Set pertama berjalan seperti dongeng. Indonesia memimpin 16-14, lalu 19-15, seperti rombongan rombongan kuda Pangeran Diponegoro yang siap menyerbu. Rivan Nurmulki melayang seperti burung Phoenix habis nonton anime, lalu menjatuhkan smash manis 24-20. Penonton di tribun sampai berdiri, ada yang menjerit, “Rivan, aku siap jadi istrimu!” Suasana gegap gempita. Bahkan ada yang pesan bakso dua mangkok sambil teriak “Set ini milik kita!” Benar, Indonesia menutup set pertama 25-20. Semua orang lupa bahwa ini malam Minggu dan mereka seharusnya sedang chatting sama gebetan.
Tapi seperti sinetron yang sudah masuk episode ke-245, set kedua adalah awal dari penderitaan. Pakistan mengganti strategi. Sang pelatih, Rahman Mohammadirad, yang konon dulunya perancang taktik catur di gurun pasir, menyulap pasukannya menjadi autobot. Indonesia sempat unggul 4-2, tapi kemudian Pakistan membalikkan dunia, 13-15, 18-22, dan akhirnya 20-25. Rakyat Indonesia mulai menunduk. Ada yang mencium sandal sendiri. Ada pula yang mengulang doa sapu jagat sambil menatap televisi.
Set ketiga bukan lagi pertandingan, ini adalah perang batin antara harapan dan kenyataan. Pakistan langsung tancap gas 7-3. Indonesia mengejar dengan gaya silat Rajawali Ngamuk, 10-12, 13-15, 17-18. Namun ketika semuanya hampir seimbang, datanglah tragedi, service error Jansen. Penonton yang tadinya tegang mendadak hening seperti sidang isbat Lebaran. Pakistan menang 25-20. Beberapa fans mulai unfollow akun resmi voli sambil bilang, “Aku butuh waktu sendiri.”
Masuk set keempat, Pakistan tak lagi bermain voli.

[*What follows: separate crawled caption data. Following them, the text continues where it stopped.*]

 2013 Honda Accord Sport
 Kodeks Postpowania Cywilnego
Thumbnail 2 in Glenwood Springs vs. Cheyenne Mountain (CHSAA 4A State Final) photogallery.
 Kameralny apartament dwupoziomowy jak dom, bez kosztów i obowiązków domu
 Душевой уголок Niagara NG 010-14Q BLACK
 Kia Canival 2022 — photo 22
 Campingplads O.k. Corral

Mereka seperti prajurit Sparta yang memakai block dan spike sebagai senjata utama. 5-8, 8-12, 13-17. Indonesia mencoba bertahan, tapi semuanya berakhir saat kepala Jansen kena smash langsung: Headshot. Pemain Pakistan buru-buru minta maaf, tapi wajah Jansen sudah seperti habis diceramahi mantan. Skor makin menjauh, 14-20, 16-24. Akhirnya, seperti daun jatuh yang tak pernah kembali ke rantingnya, Indonesia menyerah 17-25. Pakistan melaju ke semifinal. Indonesia? Terpaku di tanah, menatap langit.

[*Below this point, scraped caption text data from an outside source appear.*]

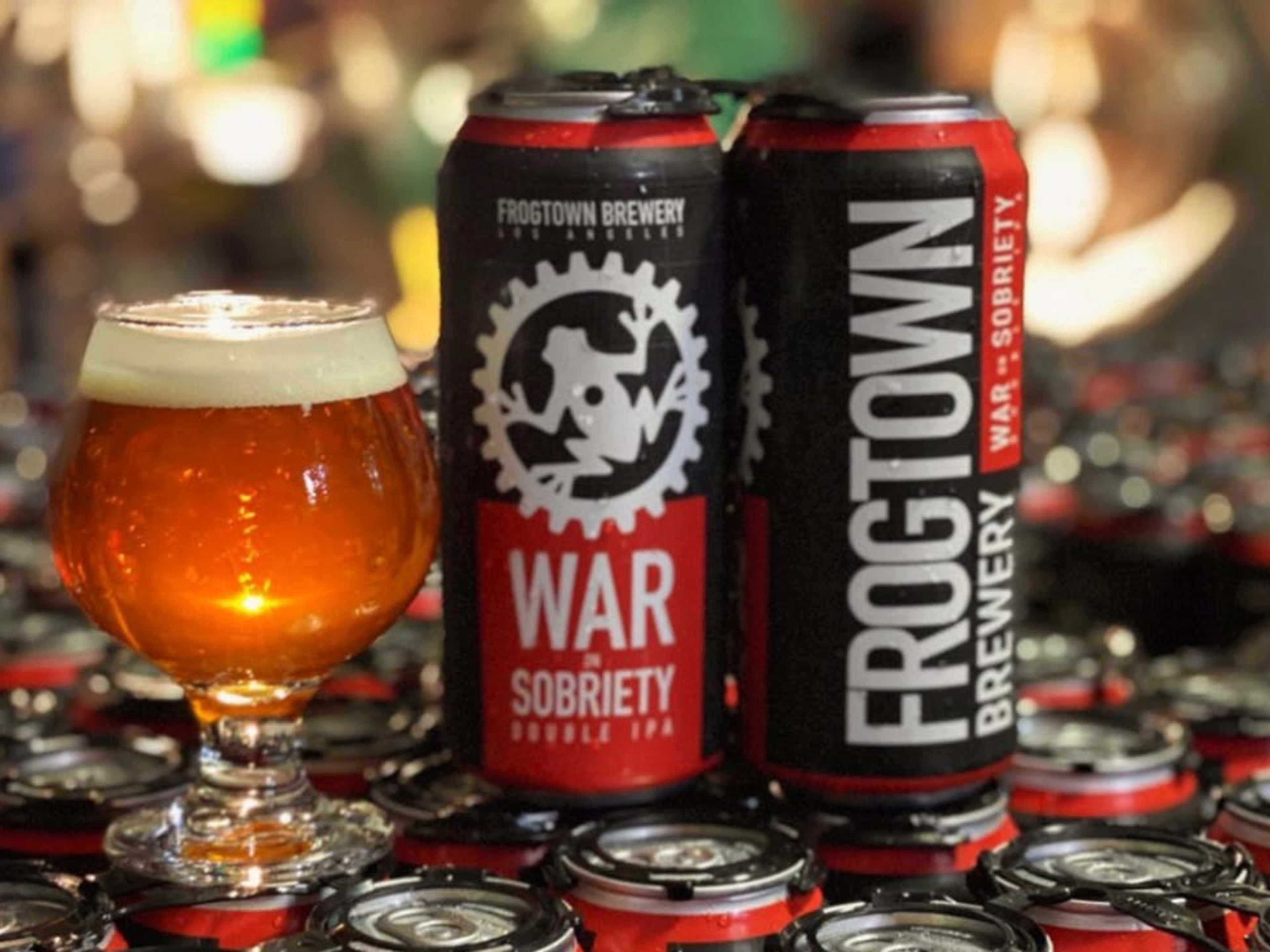 Frogtown Brewery image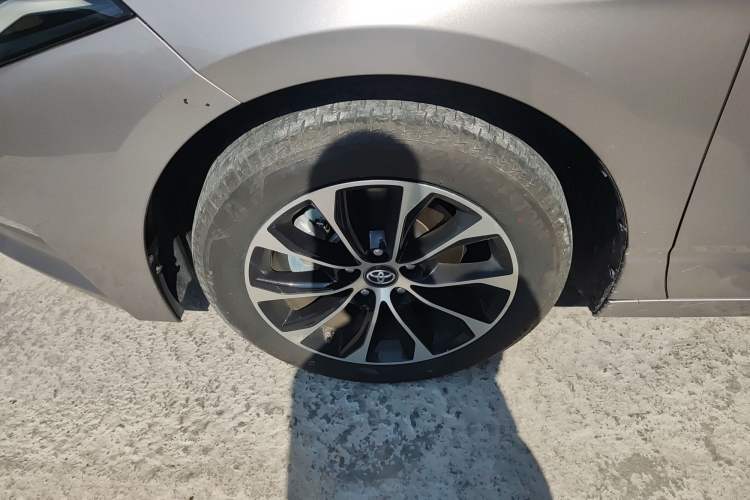 Used Toyota Avalon 2023 2.0L Luxury Edition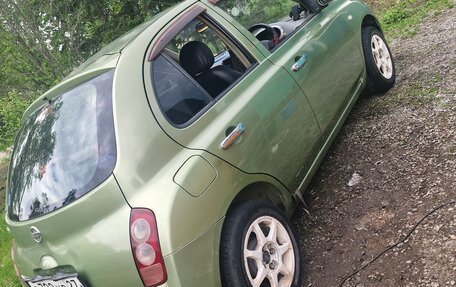 Nissan March III, 2002 год, 280 000 рублей, 2 фотография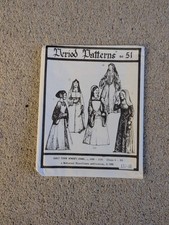 Period Patterns No 51 Tudor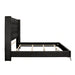 Huxley 6/6 Ek Hb, Fb And Slats-Black
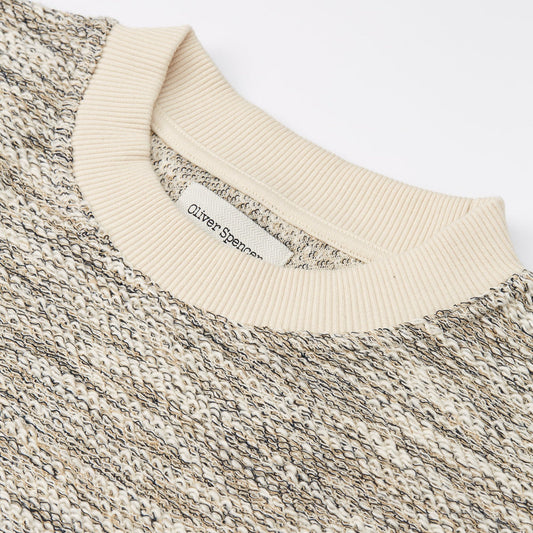 - Calgary Clemson Sweatshirt - Cream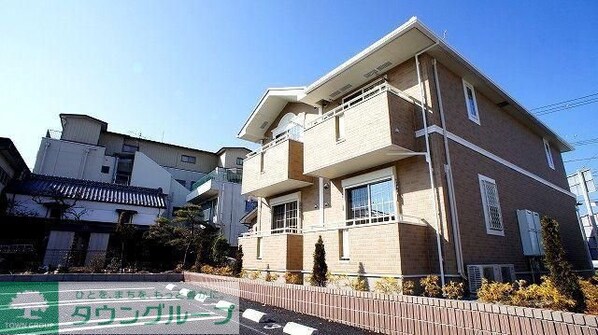 シンフォニア・IIの物件外観写真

Namun jangan salah. Dalam budaya voli Nusantara, kalah adalah awal dari latihan kemenangan sejati. Garuda memang jatuh, tapi bukan roboh. Ia hanya sedang menarik napas untuk terbang lebih tinggi, mungkin bukan semifinal, tapi peringkat 5-8 juga bukan tempat yang hina. Di sanalah harga diri dipertaruhkan. Di sanalah bakso akan kembali dipesan.
Namun kekalahan ini bukan kehancuran. Ini adalah fase. Dalam narasi epik nusantara, Garuda tak pernah benar-benar jatuh. Ia hanya merunduk, mengatur napas, mempersiapkan langkah untuk bangkit lebih tinggi, seperti Naruto yang dikira KO tapi ternyata mengaktifkan mode bijuu. Indonesia masih akan bertarung di klasifikasi 5–8, dan siapa tahu, dari reruntuhan ini, bangkitlah versi baru, Garuda X.
Karena kami tahu, para pemain ini bukan sekadar atlet. Mereka pendekar, pahlawan, dan seniman blok-spike. Walau kalah, Garuda tetap milik kami. Bukan karena trofi. Tapi karena mereka bertarung seperti cinta sejati: walau ditolak, tetap kembali dengan senyum dan smash keras ke masa depan.